WHAT IS EXPECTED – From the first line below to the last, reproduce the material exactly and leave out the images.

[[ RECORD EXCERPTS, beginning ]]

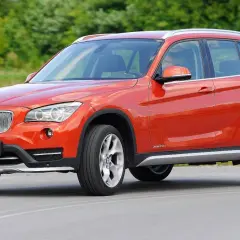 Pomarańczowe BMW E84 X1 z polskimi tablicami rejestracyjnymi jedzie po drodze, otoczone zielenią.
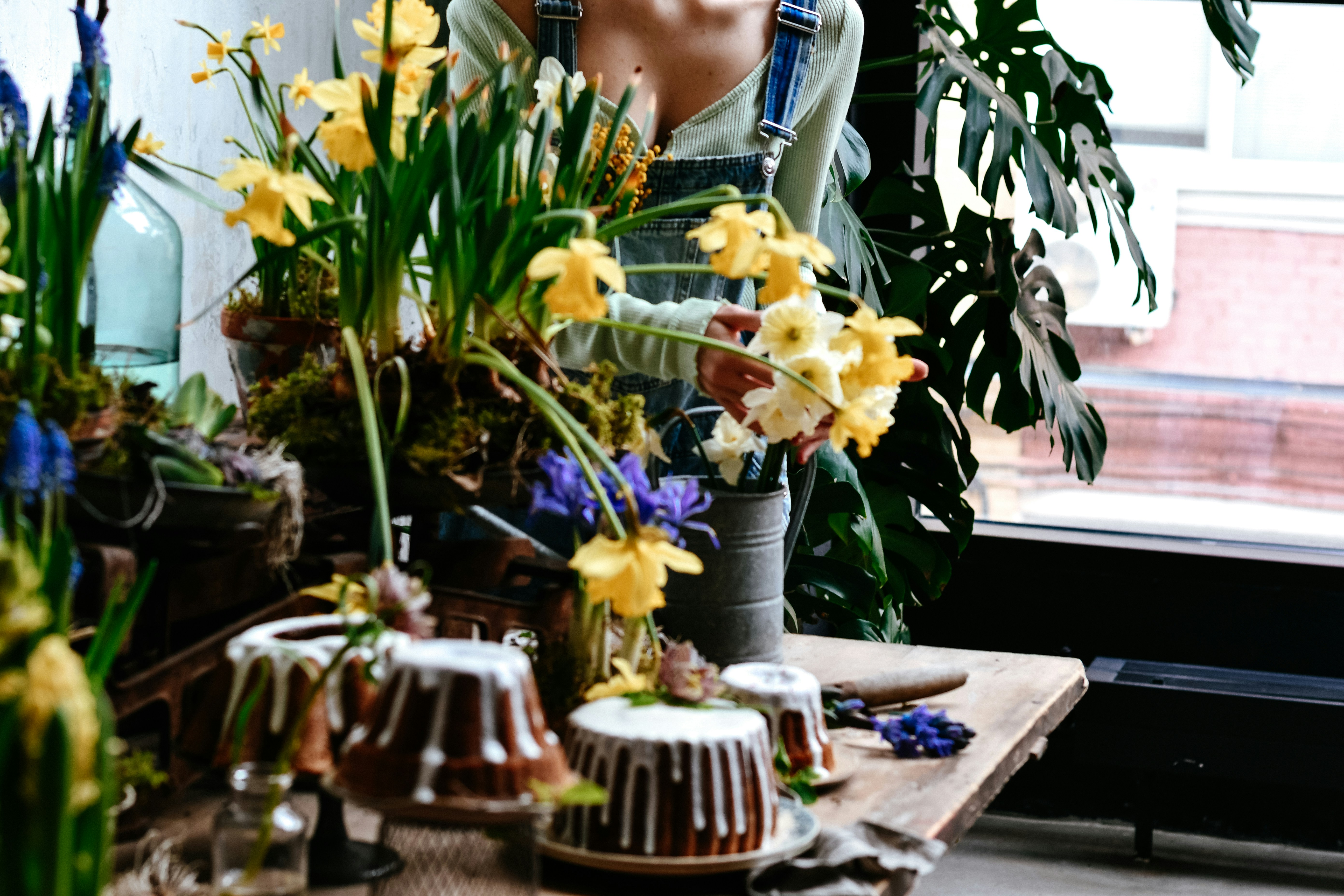 Woman arranging yellow daffodils and blue hyacinths
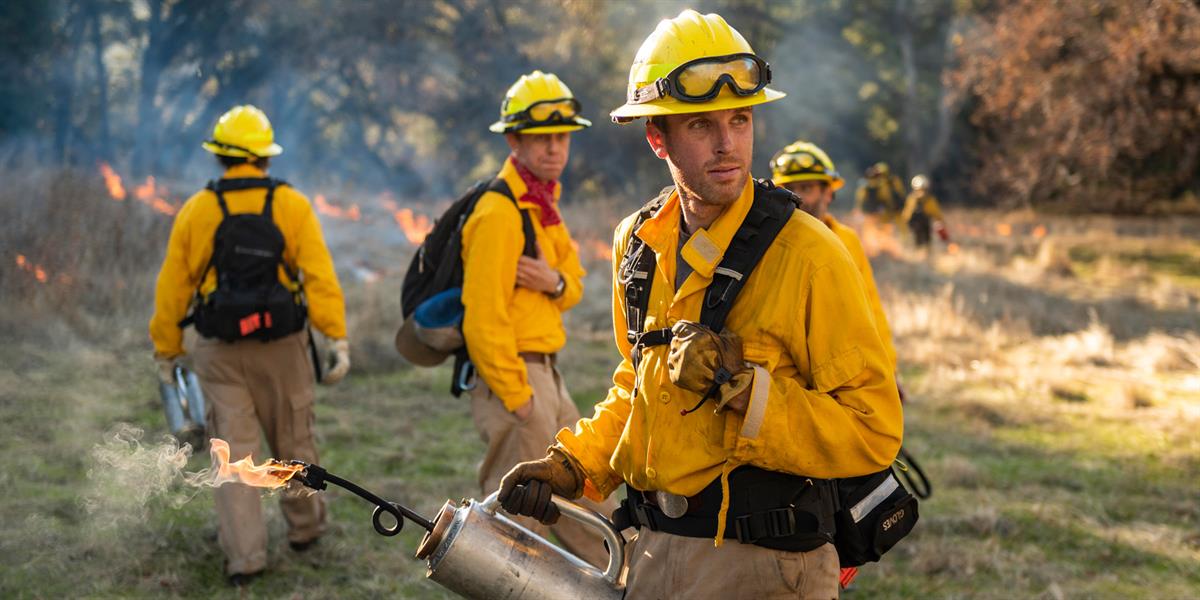 men in the field wearing wildfire gear preparing a controlled burn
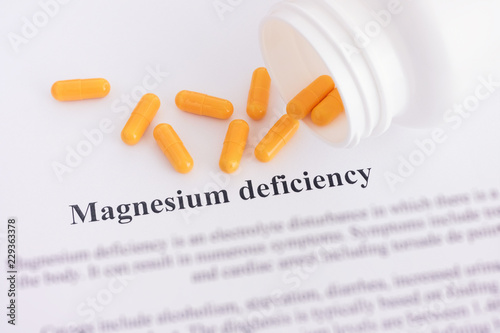 Magnesium deficiency diagnosis on paper with pills spilling out of a bottle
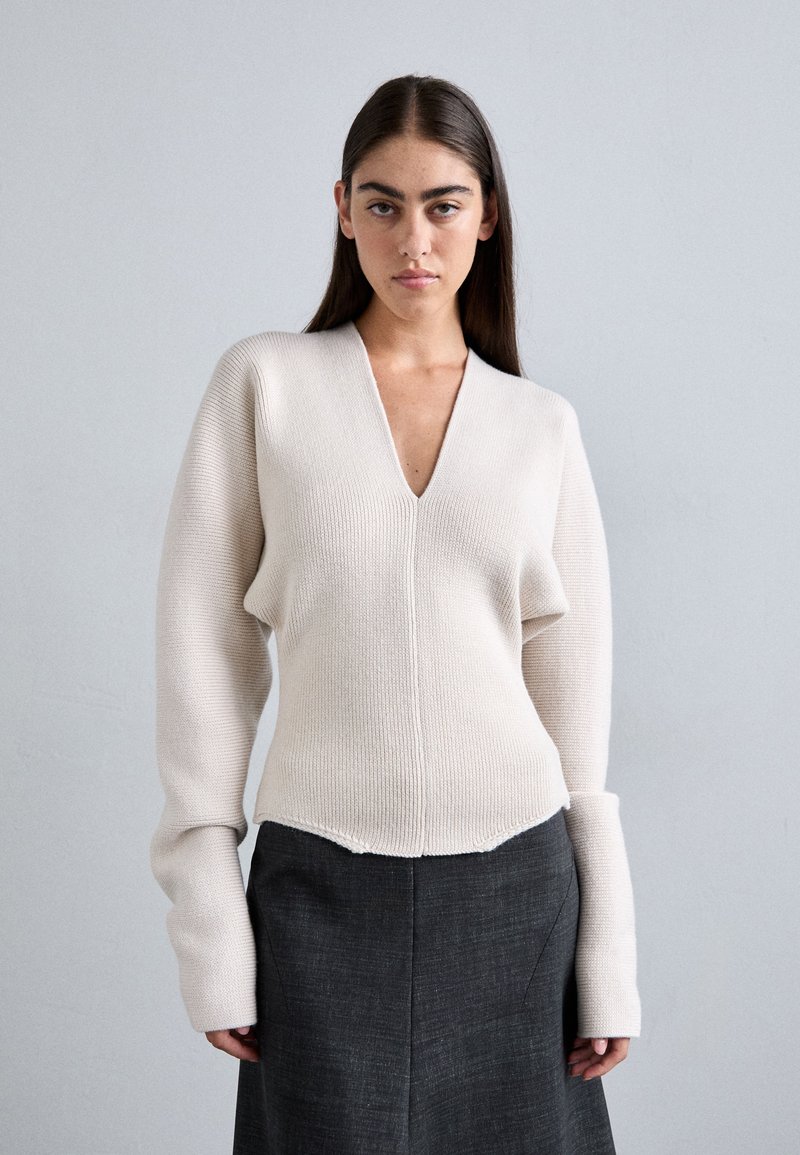 Bežs adīts džemperis ar v-veida kaklu, teksturēta auduma, ribotas struktūras un garām piedurknēm. Savienots ar tumši pelēku svārku.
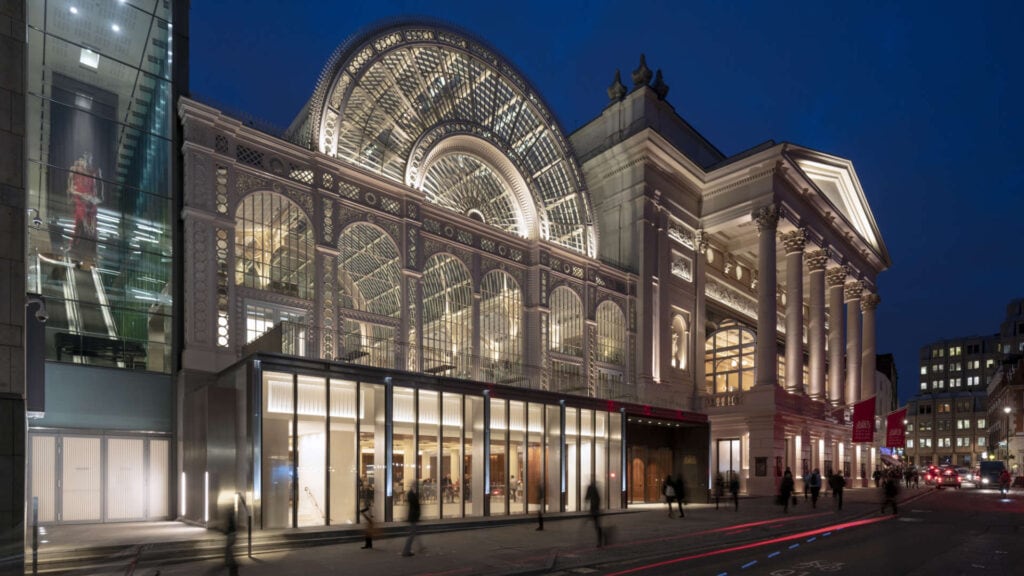 The Royal Opera and Royal Ballet company building at the Covent Garden Market slit up at night so you  can see the spectacular Victorian glass works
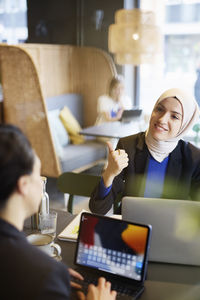 Woman in headscarf sitting in cafe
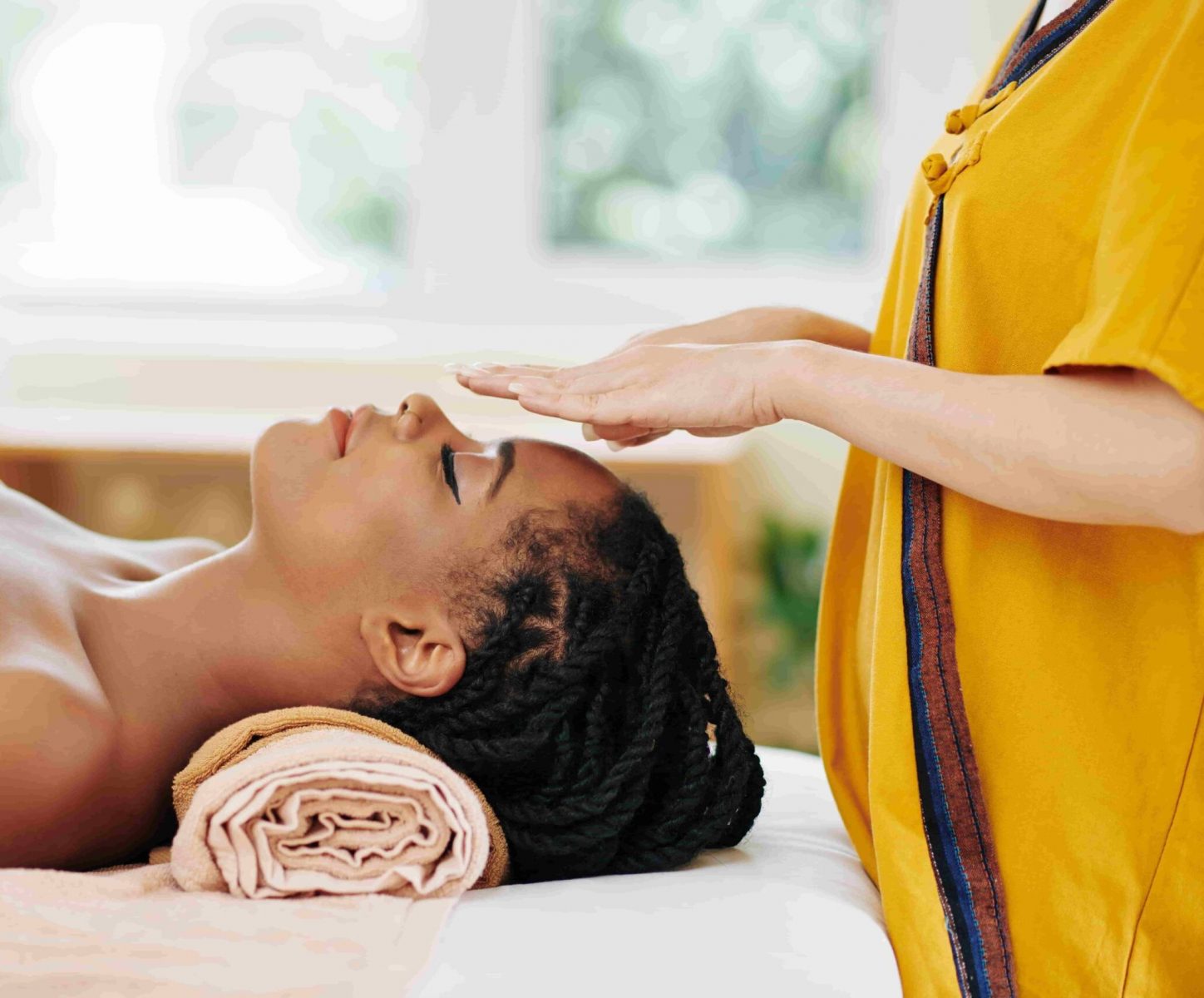 A woman performing Reiki Eastbourne​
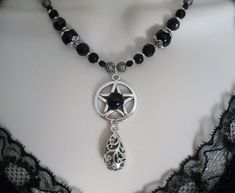 "This beautiful necklace has black obsidian beads, seed beads, black Czech glass beads, pewter silver bead caps, sterling silver plated filigree beads, pewter silver pentacle with black obsidian setting and a pewter silver scroll drop. 18\" long. Toggle clasp." Pentacle Necklace, Wicca Jewelry, Pagan Necklace, New Plymouth, Wiccan Jewelry, Pagan Jewelry, Gothic Necklace, Black Obsidian, Silver Bead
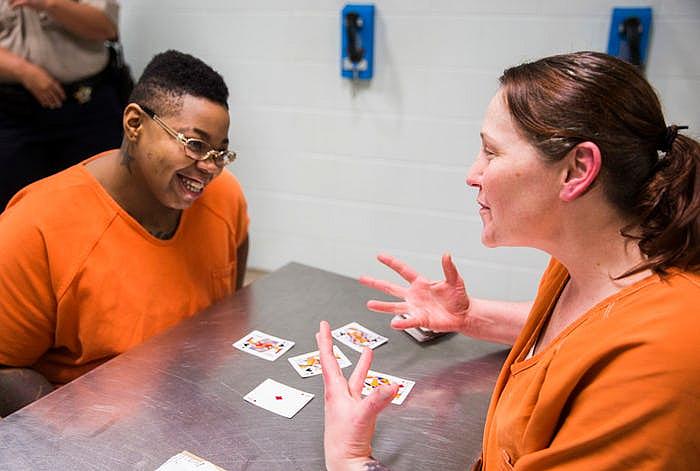 Inmates Sheniqua Miller, 23, (left) and Stacy Jensen, 38, play cards in their unit at the Burnet County Jail. Both women are facing drug charges; Miller has been jailed there since October and Jensen has been in nearly six months. Jensen's bond is set at $300,000.  (Ashley Landis/Staff Photographer)
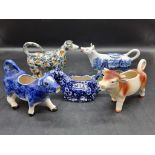 Five pottery cow creamers, to include an interesting 19th century Prattware example with milkmaid,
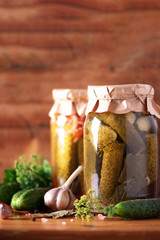 Canned gherkins in jar, fresh dill, garlic, pepper over wooden background. Copy space. Harvest preserve concept. Homemade pickled and canned vegetables concept. Seasonal harvest. Probiotic food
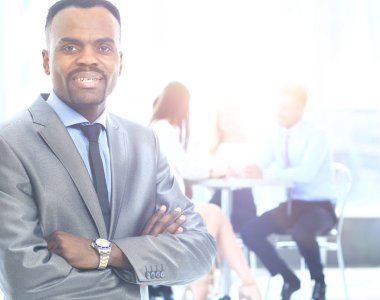 arka planda çalışan yöneticiler ile Afrika kökenli Amerikalı iş adamı gülümseyen portresi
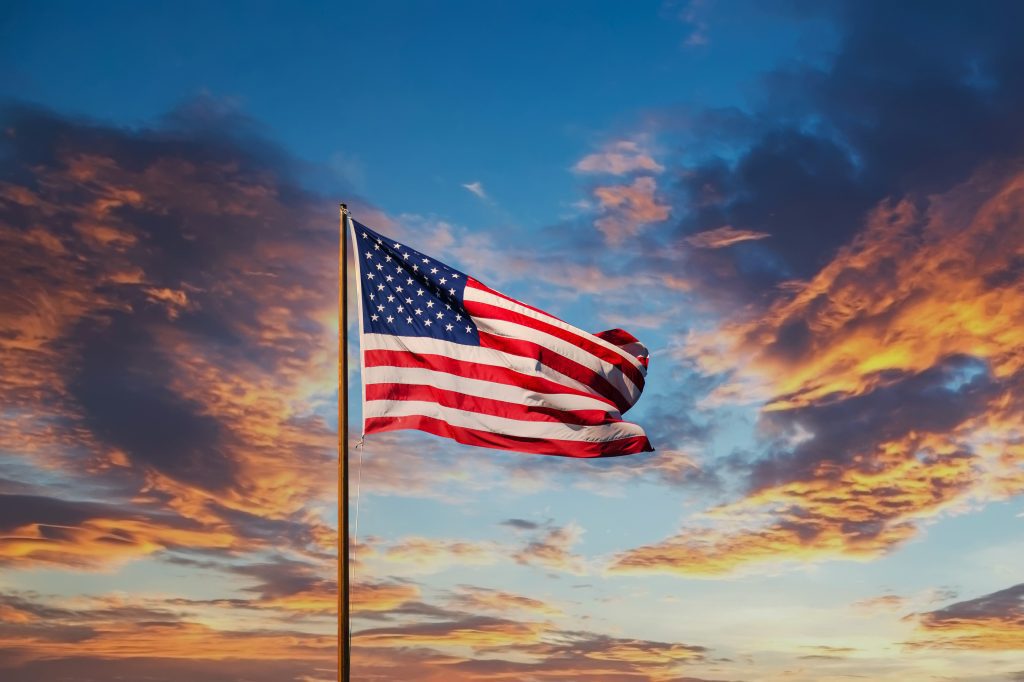 an American flag in the forefront of a sunset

[[ RECORD EXCERPTS, end ]]

EXERCISE RESULT –
 Pomarańczowe BMW E84 X1 z polskimi tablicami rejestracyjnymi jedzie po drodze, otoczone zielenią.
 Woman arranging yellow daffodils and blue hyacinths
 men in the field wearing wildfire gear preparing a controlled burn
 Magnesium deficiency diagnosis on paper with pills spilling out of a bottle
 Bežs adīts džemperis ar v-veida kaklu, teksturēta auduma, ribotas struktūras un garām piedurknēm. Savienots ar tumši pelēku svārku.
 The Royal Opera and Royal Ballet company building at the Covent Garden Market slit up at night so you  can see the spectacular Victorian glass works
 Woman in headscarf sitting in cafe
 A woman performing Reiki Eastbourne​
 "This beautiful necklace has black obsidian beads, seed beads, black Czech glass beads, pewter silver bead caps, sterling silver plated filigree beads, pewter silver pentacle with black obsidian setting and a pewter silver scroll drop. 18\" long. Toggle clasp." Pentacle Necklace, Wicca Jewelry, Pagan Necklace, New Plymouth, Wiccan Jewelry, Pagan Jewelry, Gothic Necklace, Black Obsidian, Silver Bead
 Inmates Sheniqua Miller, 23, (left) and Stacy Jensen, 38, play cards in their unit at the Burnet County Jail. Both women are facing drug charges; Miller has been jailed there since October and Jensen has been in nearly six months. Jensen's bond is set at $300,000.  (Ashley Landis/Staff Photographer)
 Five pottery cow creamers, to include an interesting 19th century Prattware example with milkmaid,
 Canned gherkins in jar, fresh dill, garlic, pepper over wooden background. Copy space. Harvest preserve concept. Homemade pickled and canned vegetables concept. Seasonal harvest. Probiotic food
 arka planda çalışan yöneticiler ile Afrika kökenli Amerikalı iş adamı gülümseyen portresi
 an American flag in the forefront of a sunset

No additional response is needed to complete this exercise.